What to work on:
Go through the data below. List every line that holds the word "they".

Source records:
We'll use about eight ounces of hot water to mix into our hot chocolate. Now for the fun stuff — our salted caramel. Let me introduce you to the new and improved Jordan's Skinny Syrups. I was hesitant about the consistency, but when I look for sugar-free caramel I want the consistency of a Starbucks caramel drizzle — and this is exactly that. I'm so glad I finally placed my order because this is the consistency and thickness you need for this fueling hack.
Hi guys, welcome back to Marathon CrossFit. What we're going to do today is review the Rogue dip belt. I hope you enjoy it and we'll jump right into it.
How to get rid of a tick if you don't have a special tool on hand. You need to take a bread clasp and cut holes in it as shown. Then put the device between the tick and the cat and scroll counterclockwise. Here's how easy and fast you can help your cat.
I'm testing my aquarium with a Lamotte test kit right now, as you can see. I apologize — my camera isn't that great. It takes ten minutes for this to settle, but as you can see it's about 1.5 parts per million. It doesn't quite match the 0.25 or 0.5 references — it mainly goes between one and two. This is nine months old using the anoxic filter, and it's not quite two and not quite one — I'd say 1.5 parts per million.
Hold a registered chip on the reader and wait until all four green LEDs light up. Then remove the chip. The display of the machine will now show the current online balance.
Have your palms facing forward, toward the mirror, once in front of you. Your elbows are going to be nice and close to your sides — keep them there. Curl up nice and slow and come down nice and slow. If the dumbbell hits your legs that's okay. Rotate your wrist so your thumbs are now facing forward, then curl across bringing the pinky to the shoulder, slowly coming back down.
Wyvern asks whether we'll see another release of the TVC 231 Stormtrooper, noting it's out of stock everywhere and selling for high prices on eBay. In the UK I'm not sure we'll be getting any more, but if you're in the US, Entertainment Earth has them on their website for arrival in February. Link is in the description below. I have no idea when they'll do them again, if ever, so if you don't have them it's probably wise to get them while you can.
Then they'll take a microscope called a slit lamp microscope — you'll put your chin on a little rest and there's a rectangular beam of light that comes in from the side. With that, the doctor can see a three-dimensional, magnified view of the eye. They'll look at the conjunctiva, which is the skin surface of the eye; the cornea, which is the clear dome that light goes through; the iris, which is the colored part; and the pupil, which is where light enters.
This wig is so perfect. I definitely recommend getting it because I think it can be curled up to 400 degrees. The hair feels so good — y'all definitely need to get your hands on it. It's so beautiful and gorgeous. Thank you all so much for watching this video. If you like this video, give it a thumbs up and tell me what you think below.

Answer for this exercise:
Wyvern asks whether we'll see another release of the TVC 231 Stormtrooper, noting it's out of stock everywhere and selling for high prices on eBay. In the UK I'm not sure we'll be getting any more, but if you're in the US, Entertainment Earth has them on their website for arrival in February. Link is in the description below. I have no idea when they'll do them again, if ever, so if you don't have them it's probably wise to get them while you can.
Then they'll take a microscope called a slit lamp microscope — you'll put your chin on a little rest and there's a rectangular beam of light that comes in from the side. With that, the doctor can see a three-dimensional, magnified view of the eye. They'll look at the conjunctiva, which is the skin surface of the eye; the cornea, which is the clear dome that light goes through; the iris, which is the colored part; and the pupil, which is where light enters.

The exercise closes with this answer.